The task.
Print the data exactly as written, but leave out each picture.

Recorded data

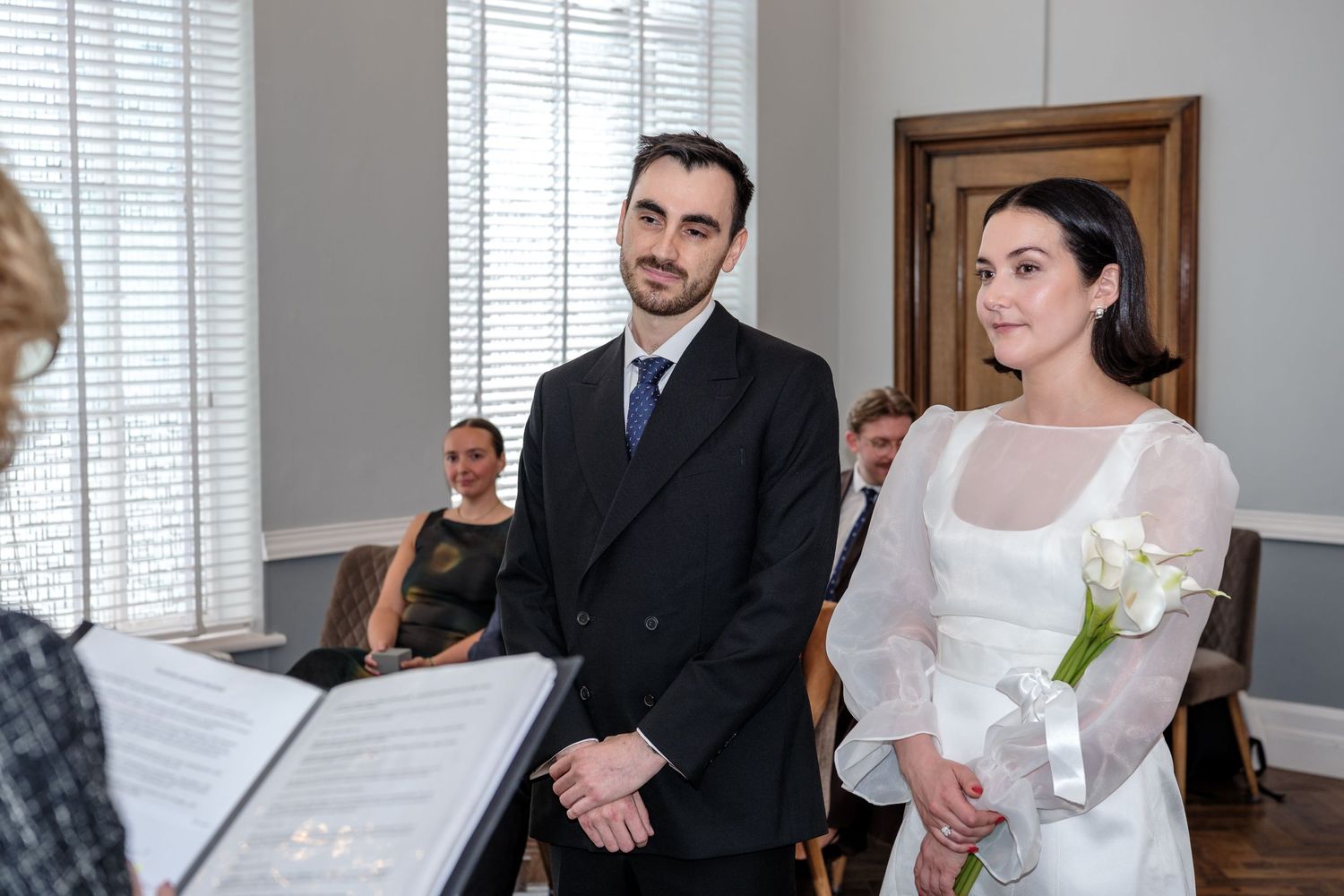 Couple exchanging wedding vows at a civil ceremony, groom in black suit, bride holding white calla lilies.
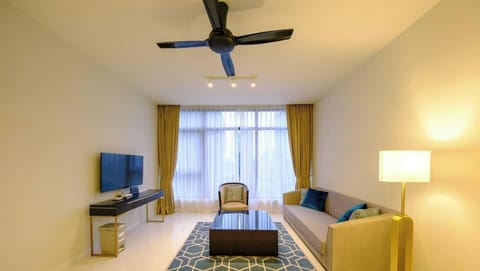 Enjoy yourself in engaging conversations with friends or family, read a book or watch a movie with our 50" Samsung 4K TV, both at the comfort of our designer couch, shown with the sun blocking curtain completely unfolded. 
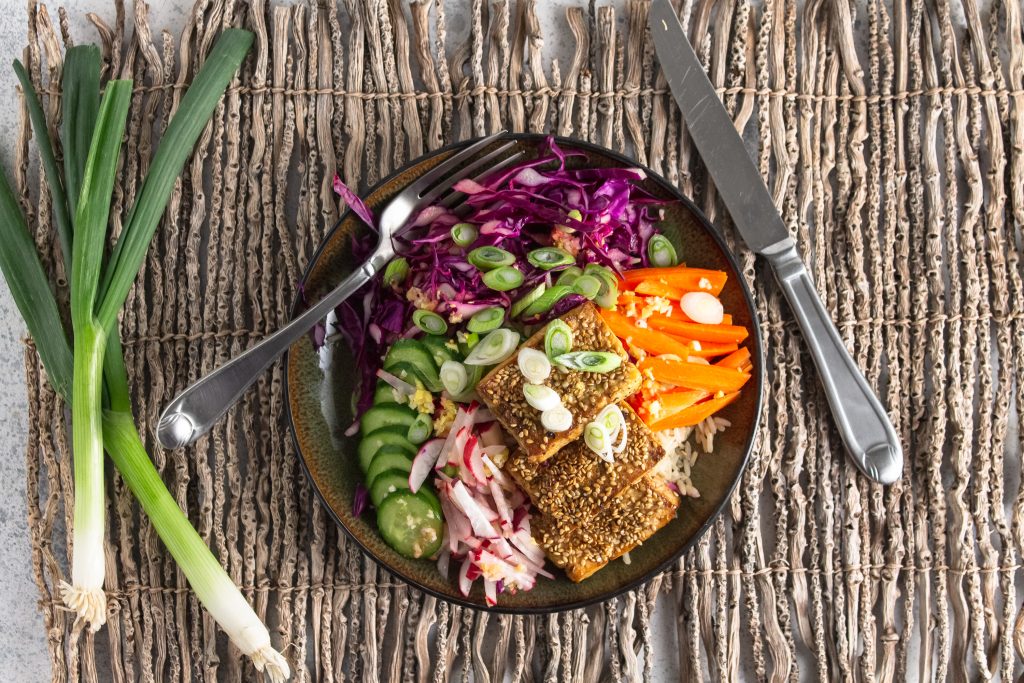 overhead view of sesame tofu on vegan power plate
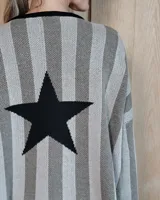 Buzo de punto con diseño de rayas verticales en tonos tostado y beige, con una estrella grande en la espalda y terminaciones en color verde oliva. Presenta un corte holgado y mangas anchas.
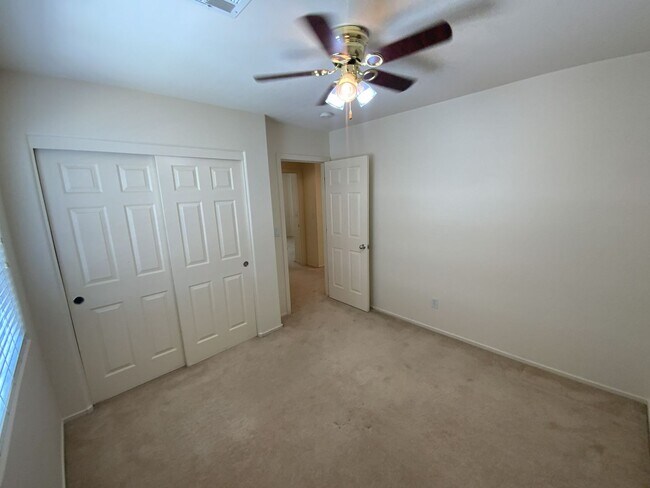 Building Photo - 4 bedrooms and 2.5 bathrooms 2-story home located in Henderson, NV!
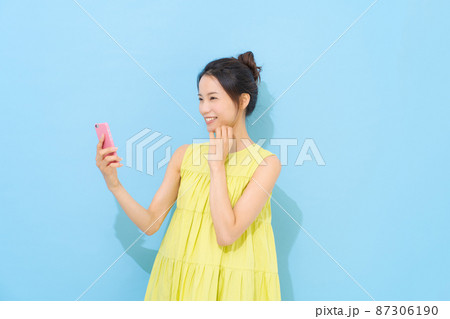 スマホを持つ女性 87306190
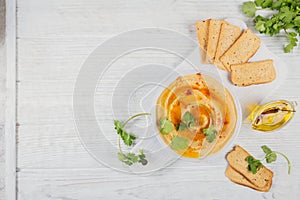 Healthy snack from crispbread with hummus, olive oil and cillantro on white wooden background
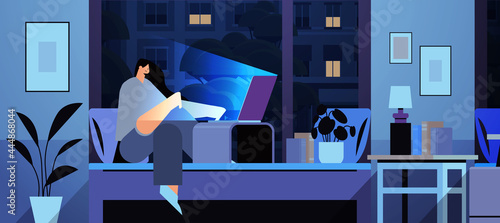 overworked businesswoman freelancer looking at computer screen girl sitting on bed in dark night home room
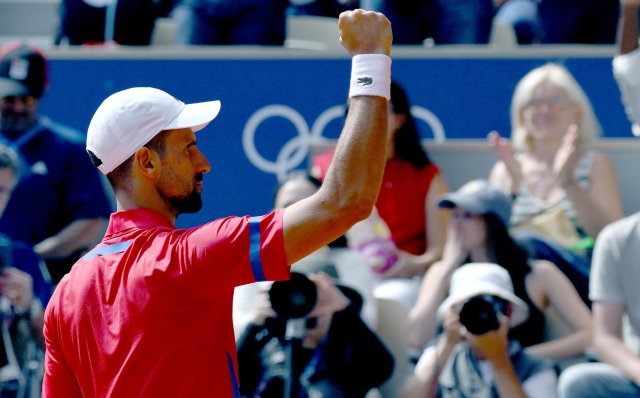 Novak Djokovic of Serbia reacts during the Men's Singles gold medal match against Carlos Alcaraz of Spain at the Tennis competitions in the Paris 2024 Olympic Games, at the Roland Garros in Paris, France, 04 August 2024.  ANSA/ETTORE FERRARI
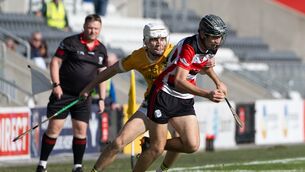<p>Ballincollig’s Kevin O’Leary under pressure from Dungourney‘s Jack Leahy. Picture: Chani Anderson</p> <p>Ballincollig’s Kevin O’Leary under pressure from Dungourney‘s Jack Leahy. Picture: Chani Anderson</p>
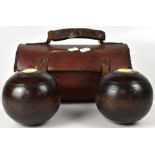 A cased pair of lignum vitae bowls with ivory inset tokens, in a leather bowl bag.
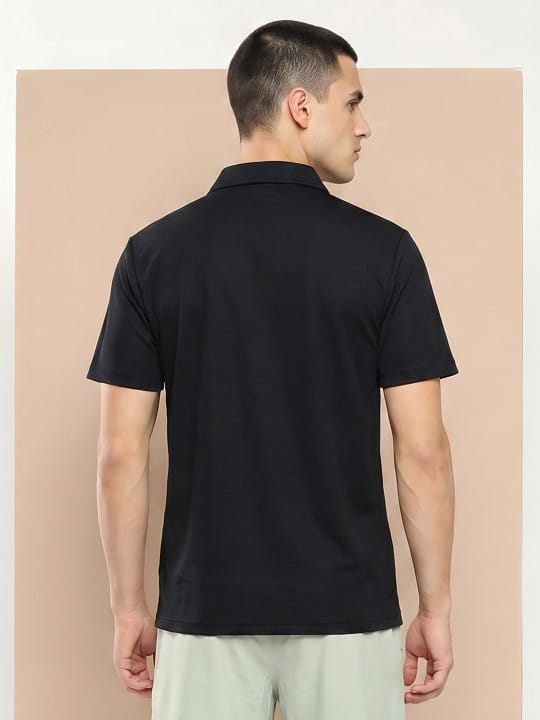 Men's black Cloud Polo by Alcis featuring a minimal V-neck design for sports and casual wear.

Answer for this exercise.
 Couple exchanging wedding vows at a civil ceremony, groom in black suit, bride holding white calla lilies.
 Enjoy yourself in engaging conversations with friends or family, read a book or watch a movie with our 50" Samsung 4K TV, both at the comfort of our designer couch, shown with the sun blocking curtain completely unfolded. 
 overhead view of sesame tofu on vegan power plate
 Buzo de punto con diseño de rayas verticales en tonos tostado y beige, con una estrella grande en la espalda y terminaciones en color verde oliva. Presenta un corte holgado y mangas anchas.
 Building Photo - 4 bedrooms and 2.5 bathrooms 2-story home located in Henderson, NV!
 スマホを持つ女性 87306190
 Healthy snack from crispbread with hummus, olive oil and cillantro on white wooden background
 overworked businesswoman freelancer looking at computer screen girl sitting on bed in dark night home room
 Novak Djokovic of Serbia reacts during the Men's Singles gold medal match against Carlos Alcaraz of Spain at the Tennis competitions in the Paris 2024 Olympic Games, at the Roland Garros in Paris, France, 04 August 2024.  ANSA/ETTORE FERRARI
<p>Ballincollig’s Kevin O’Leary under pressure from Dungourney‘s Jack Leahy. Picture: Chani Anderson</p> <p>Ballincollig’s Kevin O’Leary under pressure from Dungourney‘s Jack Leahy. Picture: Chani Anderson</p>
 A cased pair of lignum vitae bowls with ivory inset tokens, in a leather bowl bag.
 Men's black Cloud Polo by Alcis featuring a minimal V-neck design for sports and casual wear.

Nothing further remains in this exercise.